* African Union, world leaders believe Ouattara won election
* Gbagbo defies criticism at home and from abroad
* Top cocoa producer faces period of uncertainty, isolation
(Adds details, IMF comment)
By Tim Cocks and Loucoumane Coulibaly
ABIDJAN, Dec 4 Laurent Gbagbo was sworn in as
Ivory Coast president on Saturday after his proclaimed election
victory was rejected by world leaders and his rival, but
accepted by the army, raising the risk of a long power struggle.
Meanwhile, Alassane Ouattara, named winner of the vote by
the election commission before the result was reversed on Friday
by the top Ivorian legal body, submitted a written oath and took
the first steps towards setting up a parallel government.
Gbagbo has presided over the world's top cocoa-producing
nation for a decade, but now faces international isolation and
possible sanctions after its Constitutional Council, headed by
an ally of Gbagbo, cancelled hundreds of thousands of votes in
Ouattara strongholds, alleging intimidation by northern rebels.
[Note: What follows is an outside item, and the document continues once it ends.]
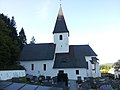 English: Parish church Saint Bartholomew and cemetery Deutsch: Pfarrkirche Heiliger Bartholomäus und Friedhof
The U.N. envoy, Y.J. Choi, who received copies of the count
from almost every polling station, said that even if all the
allegations of fraud were true, they still could not have
changed the result announced by the election commission.
The vote was meant to heal the wounds of a 2002-03 civil war
that split the once-vibrant nation in two. But the process has
instead reopened them, leaving at least 15 dead in vote-related
violence in the last 10 days and rebel forces on alert.
Ouattara's party has warned that denying him victory would
risk throwing the country back into north-south conflict. A
spokesman for the New Forces rebels said on Saturday that they
would "not rest long without doing anything" to stop Gbagbo.
Gbagbo's swearing-in was broadcast live on state television,
a day after the head of the armed forces declared his continued
allegiance to the incumbent. His win was rejected by France, the
United States, United Nations, African Union and West African
bloc ECOWAS. Most diplomats boycotted the ceremony.
"I will continue to work with all the countries of the
world, but I will never give up our sovereignty," Gbagbo said to
cheers and the sound of vuvuzelas after the ceremony.
The International Monetary Fund said it could not recognise
Gbagbo's presidency unless the United Nations did -- a factor
that could dash hopes for relief of some $3 billion in debt
under the Heavily Indebted Poor Countries programme.
The African Union said earlier it would also take steps
against those who tried to undermine the vote result as
announced by the electoral commission in favour of Ouattara.
For more stories on the election, click [ID:nCOC062729]
In rejecting the outcome, rival Ouattara has been backed by
rebels still running the north of the country after a 2002-03
civil war, and by Prime Minister Guillaume Soro, a former rebel
himself, who handed in his resignation to Ouattara.
After Gbagbo was sworn in, Ouattara also said he was
president, having submitted a written oath to the Constitutional
Council, and called on Soro to name a new government.
U.S. President Barack Obama and French President Nicolas
Sarkozy led calls for Gbagbo to hand over power. In an unusually
strong endorsement U.N. Secretary General Ban Ki-moon said the
world body supported results showing a Ouattara win.
The United Nations is required to sign off on an election
victor in Ivory Coast, according to a 2007 peace deal.
Gbagbo, a master at whipping up sentiment against former
colonial power France, was openly scornful of the rejections and
his camp threatened to expel the U.N. envoy in Ivory Coast.
"I've noted some serious cases of interference," Gbagbo
said. "We didn't ask anyone to come and run our country. Our
sovereignty is something I am going to defend."
Small-scale protests and tyre-burning broke out on Saturday
in several towns, including Abidjan and in Bouake in the north.
"We want (Ouattara) as president. We don't want Gbagbo any
more. We are tired of him," said Bouake resident Samba Diakite.
The AU said it would send former South African president
Thabo Mbeki to try to seek a solution to the crisis.
The crisis in Ivory Coast, once West Africa's brightest
economic star, pushed futures prices up 2.41 percent on Friday
LCCc1, and forced up the risk premium on Ivory Coast's $2.3
billion Eurobond CI049648839=. It yielded 11.67 percent, from
below 10 percent after the first election round.
The regional body ECOWAS, led by economic powerhouse
Nigeria, also supported Ouattara's victory.
But diplomats in New York said Russia, whose Lukoil
(LKOHyq.L) has an exploration block in Ivory Coast, had blocked
the U.N. Security Council from also doing so.
The lack of Security Council consensus on the U.N. position
could encourage Gbagbo to ignore outside pressure.